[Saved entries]
----------------------------------------

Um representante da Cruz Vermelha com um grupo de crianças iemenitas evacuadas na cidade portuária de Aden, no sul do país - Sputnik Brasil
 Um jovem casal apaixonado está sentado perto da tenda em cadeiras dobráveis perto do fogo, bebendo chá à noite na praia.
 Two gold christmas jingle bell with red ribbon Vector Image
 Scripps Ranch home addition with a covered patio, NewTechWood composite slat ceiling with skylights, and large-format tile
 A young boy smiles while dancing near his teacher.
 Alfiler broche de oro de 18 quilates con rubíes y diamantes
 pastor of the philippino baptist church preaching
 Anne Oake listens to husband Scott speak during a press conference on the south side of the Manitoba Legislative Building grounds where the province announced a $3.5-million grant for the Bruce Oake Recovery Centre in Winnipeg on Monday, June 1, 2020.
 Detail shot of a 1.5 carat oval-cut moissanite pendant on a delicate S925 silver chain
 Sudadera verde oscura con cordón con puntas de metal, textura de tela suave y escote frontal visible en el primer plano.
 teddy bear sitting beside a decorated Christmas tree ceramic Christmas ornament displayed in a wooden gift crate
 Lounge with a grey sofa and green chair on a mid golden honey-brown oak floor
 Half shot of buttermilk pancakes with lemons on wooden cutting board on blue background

----------------------------------------

**Problem**
Above are records; repeat only the lines starting at the line with "Alfiler broche de" and ending at the line with "teddy bear sitting", exactly as they appear, both included.

**Written answer**
 Alfiler broche de oro de 18 quilates con rubíes y diamantes
 pastor of the philippino baptist church preaching
 Anne Oake listens to husband Scott speak during a press conference on the south side of the Manitoba Legislative Building grounds where the province announced a $3.5-million grant for the Bruce Oake Recovery Centre in Winnipeg on Monday, June 1, 2020.
 Detail shot of a 1.5 carat oval-cut moissanite pendant on a delicate S925 silver chain
 Sudadera verde oscura con cordón con puntas de metal, textura de tela suave y escote frontal visible en el primer plano.
 teddy bear sitting beside a decorated Christmas tree ceramic Christmas ornament displayed in a wooden gift crate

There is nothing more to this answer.